As long as I can remember I’ve been told that horses, after being rescued from a burning barn will run back inside in a state of panic, or even refuse to leave the barn at all. Although it didn’t make much sense, I’d had no reason to doubt this “fact” until this afternoon when two of our horses were happily eating a bite of oats and hay in our barn after I’d brought them in for worming.

They became very upset when the gentle breeze from the north became a gentle breeze from the east, blowing smoke from the burning barrel directly into the barn. They both started to fidget and paw, calling to their friends outside. Meanwhile I was outside but nearby focused on a manure detail task that required little effort to tear me from. When I re-entered the barn they both were shaky but relieved to have my attention.

They made it clear they wanted to leave the now smoke filled barn at once. It took a bit of convincing to get them to settle down. They hadn’t behaved in this way since they were silly yearlings long ago.

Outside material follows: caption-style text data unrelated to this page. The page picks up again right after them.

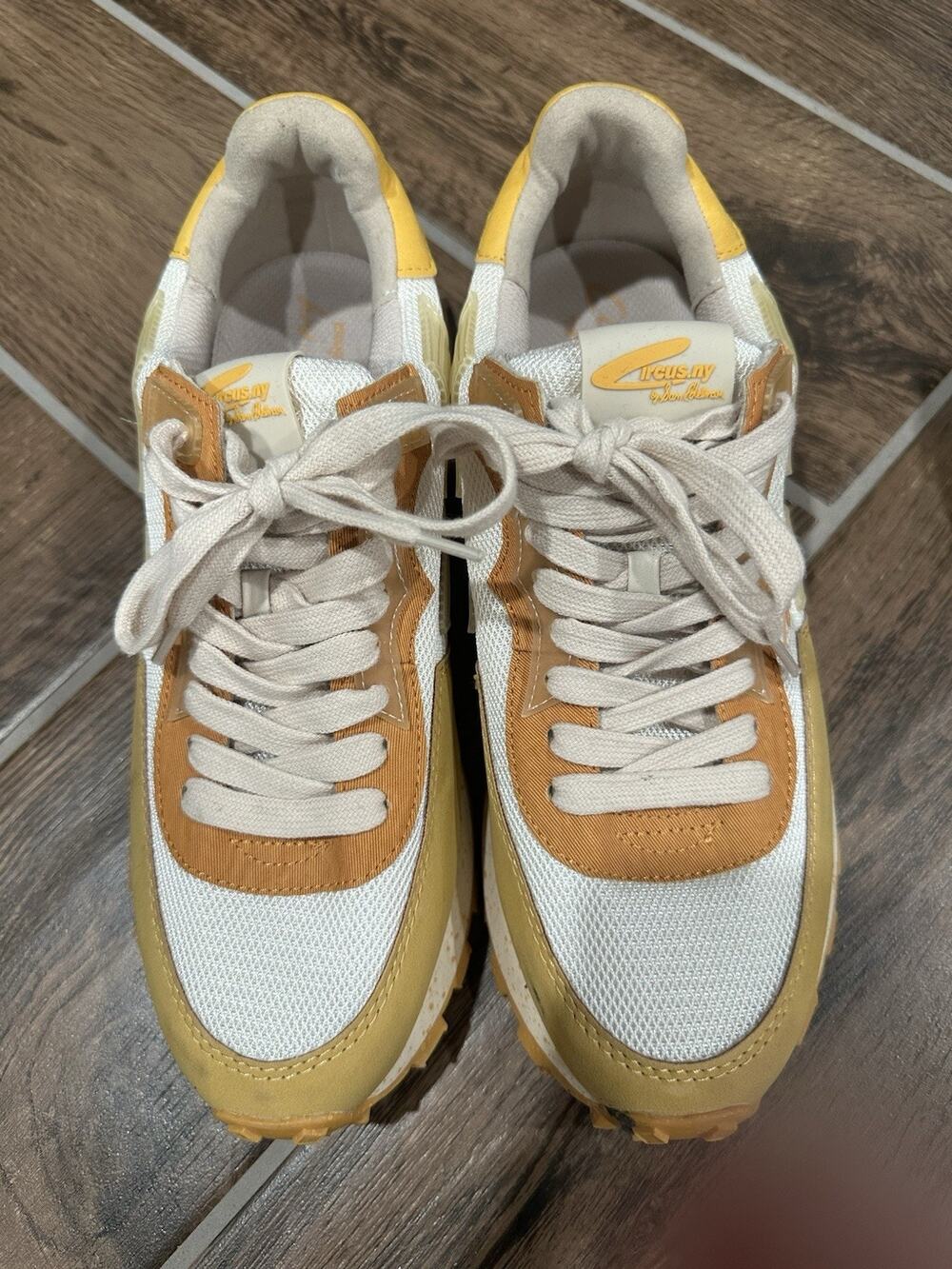 Circus by Sam Edelman Yellow White Mesh Low Top Retro Platform Sneakers Size 9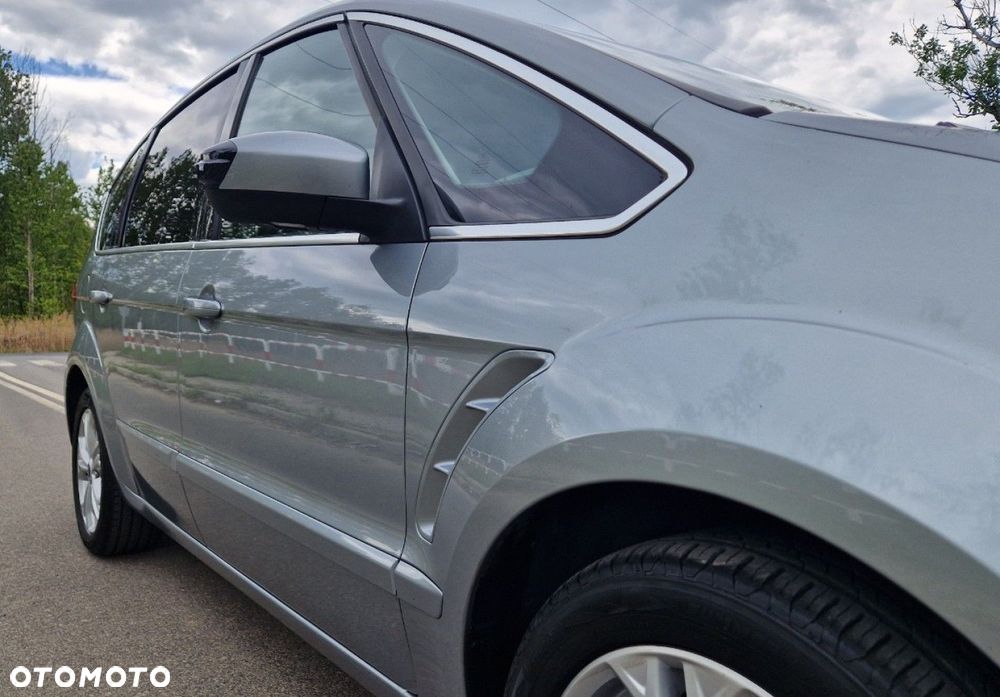 Ford S-Max 2.0 TDCi DPF Titanium - 17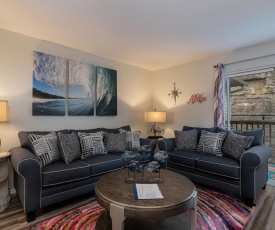 Recently Renovated 2nd Floor Unit with Balcony, BBQ Grill & Access to Community Pool! condo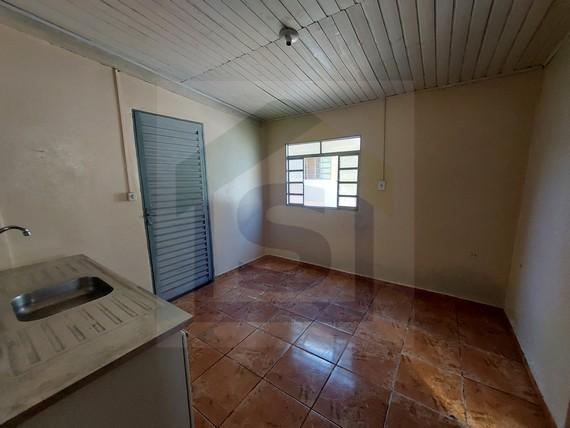 Casa à venda com 2 quartos, 100m² - Foto 11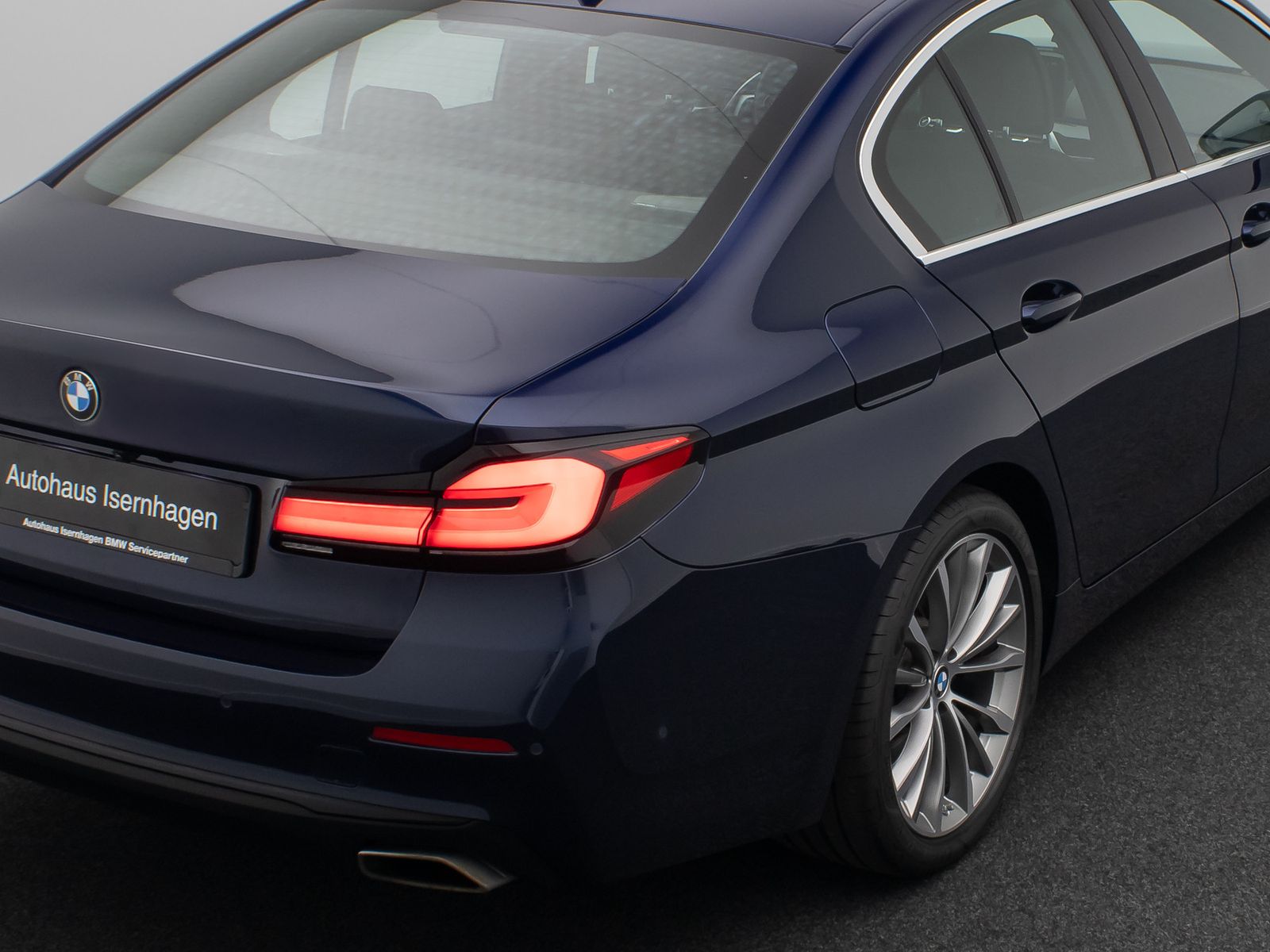 Fahrzeugabbildung BMW 540d xD DisplKey Laser DAB MSport HUD H/K 19Zoll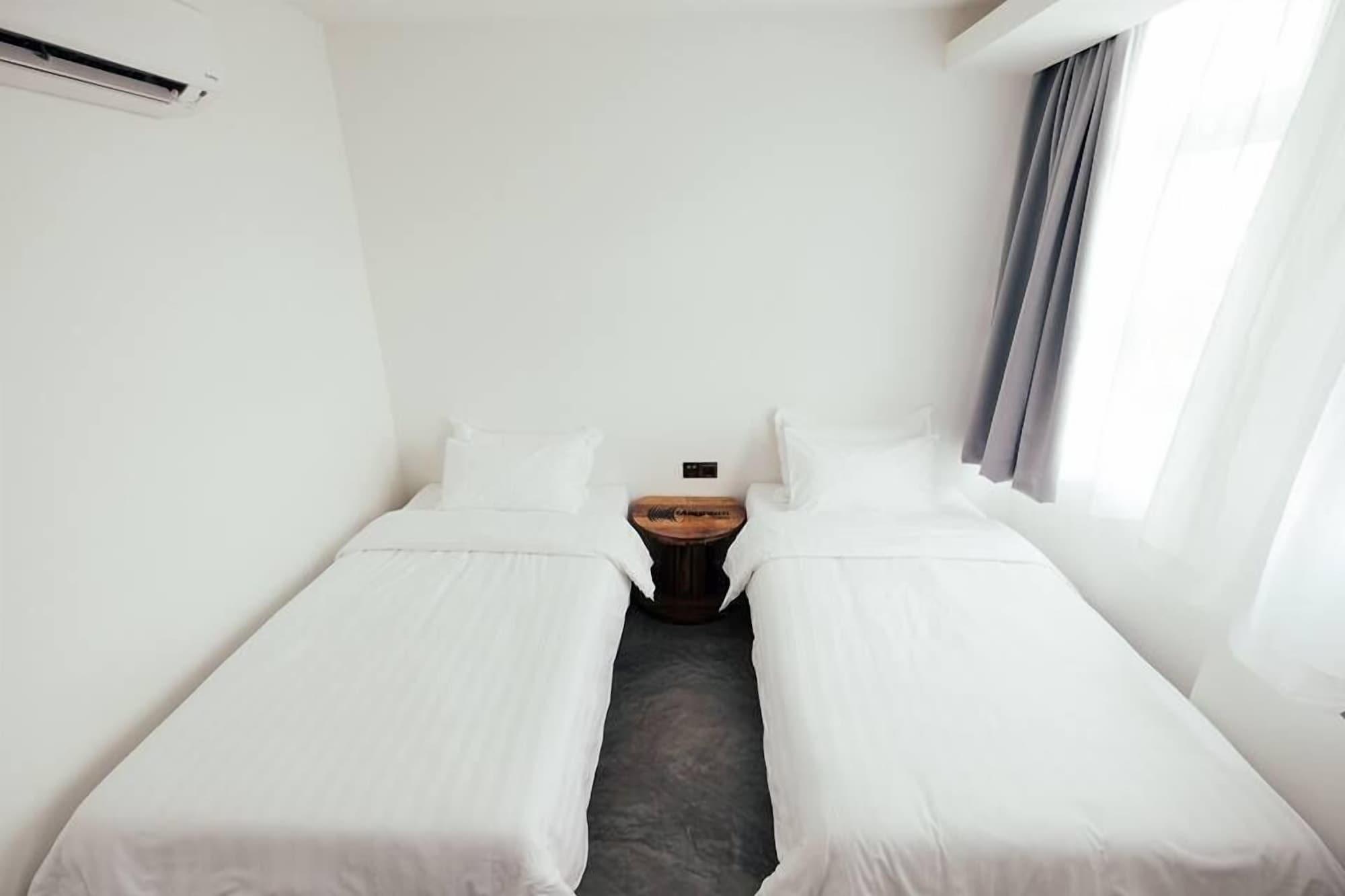 White Loft 2*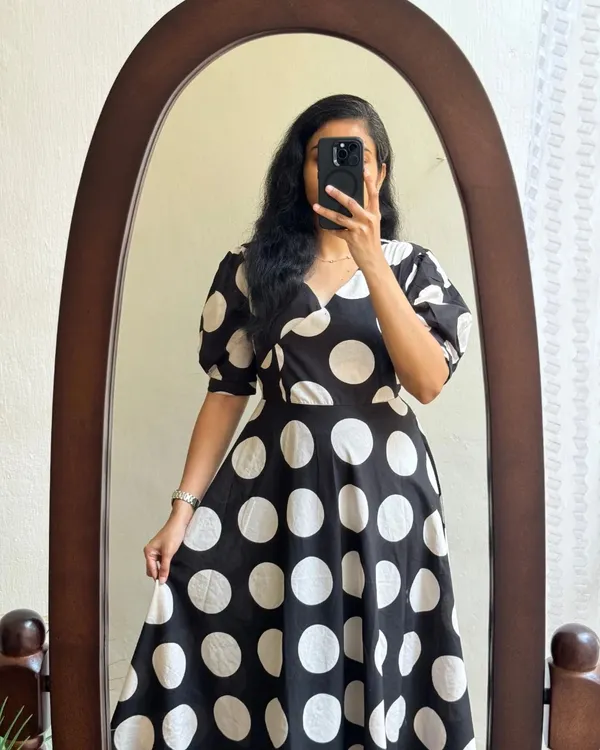 Black_Beautiful_Dot_Printed_Cotton_Full_Flair_Middy_Gown/Short_Kurti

I decided to use this as a training exercise so I moved one to a box stall that it could see out of and tied the other in the alley nearby. They felt less trapped now that they were not in tie stalls and I stayed in the barn puttering at small tasks to let them regain their confidence with the knowledge that I was “on duty”.

Once they’d calmed down a bit I took the time to worm the other horses. As the other horses took their turns at being brought in, wormed and spoiled a bit before they were turned out, the original two relaxed and stopped fussing altogether.

The reasons for this were that the herd was more or less in sight, their handler was still around and the breeze had shifted back to its original direction so the smell of smoke was only very faint. The original pair were the second last horses to be turned out an hour after the little panic attack began. They left the barn in a leisurely fashion.

The last horse to be turned out, a fat greedy young mare, was so involved with her “free food“ in the manger that she barely noticed that she was alone in the barn.

I believe that barn-kept horses may indeed run back into the barn because it’s their home but more likely because the herd instinct is so strong that they want to seek the perceived safety of the herd no matter what is going on around it.

I also believe that horses who spend most of their lives out in the pasture, coming into the barn only on special occasions such as mine do, are a lot less likely to become confused as to where safety lies during a barn fire!